Sussex, says Mr. Borrer, author of _The Birds of Sussex_, has two other large heronries--at Windmill Hill Place, near Hailsham, and Brede, near Winchelsea--and some smaller ones, one being at Molecomb, above Goodwood.

Betsy's Oak in Parham Park is said to be so called because Queen Elizabeth sat beneath it. But another and more probable legend calls it Bates's Oak, after Bates, an archer at Agincourt in the retinue of the Earl of Arundel (and in _Henry V._). Good Queen Bess, however, dined in the hall of Parham House in 1592. At Northiam, in East Sussex, we shall come (not to be utterly baulked) to a tree under which she truly did sit and dine too.

[Sidenote: JACK PUDDING'S WISDOM]

Beyond Parham, less than two miles to the east, is Storrington, a quiet Sussex village far from the rail and the noise of the world, with the Downs within hail, and fine sparsely-inhabited country between them and it to wander in. The church is largely modern. I find the following sententious paragraph in the county paper for 1792:--"This is an age of _Sights_ and _polite entertainment_ in the country as well as in the city.--The little town of _Storrington_ has lately been visited by a _Company of Comedians_,--_a Mountebank Doctor_,--and a _Puppet Show_. One day the Doctor's _Jack Pudding_ finding the shillings come in but slowly, exclaimed to his Master, 'Gad, Sir, it is not worth _our_ while to stay here any longer, _players_ have got all the _gold_, _we_ all the _silver_, and _Punch_ all the _copper_, so, like sagacious locusts, let us migrate from the place we helped to impoverish."
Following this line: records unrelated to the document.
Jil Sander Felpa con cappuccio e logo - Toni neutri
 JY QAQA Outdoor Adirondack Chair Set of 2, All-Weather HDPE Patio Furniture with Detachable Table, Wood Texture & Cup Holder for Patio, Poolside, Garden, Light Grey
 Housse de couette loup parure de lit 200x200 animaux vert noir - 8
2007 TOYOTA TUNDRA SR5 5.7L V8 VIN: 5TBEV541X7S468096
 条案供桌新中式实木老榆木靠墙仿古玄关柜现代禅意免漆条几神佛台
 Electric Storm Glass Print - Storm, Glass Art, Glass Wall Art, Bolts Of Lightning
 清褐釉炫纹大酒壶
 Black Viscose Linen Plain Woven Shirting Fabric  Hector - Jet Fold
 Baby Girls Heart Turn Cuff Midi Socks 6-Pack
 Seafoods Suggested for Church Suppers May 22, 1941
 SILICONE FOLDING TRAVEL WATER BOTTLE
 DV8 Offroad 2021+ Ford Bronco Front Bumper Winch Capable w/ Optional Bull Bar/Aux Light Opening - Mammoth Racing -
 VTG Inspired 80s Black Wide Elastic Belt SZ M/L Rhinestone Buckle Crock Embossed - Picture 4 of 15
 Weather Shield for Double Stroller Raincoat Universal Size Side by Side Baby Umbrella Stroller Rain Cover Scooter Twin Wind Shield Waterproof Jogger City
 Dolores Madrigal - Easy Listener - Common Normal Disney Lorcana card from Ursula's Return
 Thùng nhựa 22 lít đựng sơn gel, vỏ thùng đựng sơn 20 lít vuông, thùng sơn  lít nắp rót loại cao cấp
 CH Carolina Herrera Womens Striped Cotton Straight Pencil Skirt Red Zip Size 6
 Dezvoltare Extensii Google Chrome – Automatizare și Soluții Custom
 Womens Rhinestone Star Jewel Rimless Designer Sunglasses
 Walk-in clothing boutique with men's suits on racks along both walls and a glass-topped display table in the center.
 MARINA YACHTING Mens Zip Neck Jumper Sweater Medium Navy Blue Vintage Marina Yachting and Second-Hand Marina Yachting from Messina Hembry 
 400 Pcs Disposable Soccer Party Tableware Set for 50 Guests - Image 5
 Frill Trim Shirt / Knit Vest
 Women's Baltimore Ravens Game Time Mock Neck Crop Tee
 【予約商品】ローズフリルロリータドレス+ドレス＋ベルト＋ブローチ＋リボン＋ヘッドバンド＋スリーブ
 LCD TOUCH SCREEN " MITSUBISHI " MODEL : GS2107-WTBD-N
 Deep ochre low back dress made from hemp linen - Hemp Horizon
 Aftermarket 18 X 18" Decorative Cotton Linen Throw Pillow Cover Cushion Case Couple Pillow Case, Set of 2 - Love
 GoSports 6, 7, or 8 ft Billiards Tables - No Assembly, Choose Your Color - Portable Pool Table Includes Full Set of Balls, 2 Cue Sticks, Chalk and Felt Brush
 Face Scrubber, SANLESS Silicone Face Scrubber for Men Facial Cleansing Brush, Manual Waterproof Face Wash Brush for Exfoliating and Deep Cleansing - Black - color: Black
[Illustration: _Amberley Church._]

[Sidenote: A TRAVELLING CIRCUS]

[Sidenote: A TIME-HONOURED JOKE]

This reminds me that I saw recently at Petworth, whither we are now moving, a travelling circus whose programme included a comic interlude that cannot have received the slightest modification since it was first planned, perhaps hundreds of years ago. It was sheer essential elemental horse-play straight from Bartholomew Fair, and the audience received it with rapture that was vouchsafed to nothing else. The story would be too long to tell; but briefly, it was a dumb show representation of the visit of a guest (the clown) to a wife, unknown to her husband. The scenery consisted of a table, a large chest, a heap of straw and a huge barrel. The fun consisted in the clown, armed with a bladder on a string, hiding in the barrel, from which he would spring up and deliver a sounding drub upon the head of whatever other character--husband or policeman--might be passing, to their complete perplexity. They were, of course, incapable of learning anything from experience. At other times he hid himself or others in the straw, in the chest, or under the table. When, in a country district such as this, one hears the laughter that greets so venerable a piece of pantomime, one is surprised that circus owners think it worth while to secure novelties at all. The primitive taste of West Sussex, at any rate, cannot require them.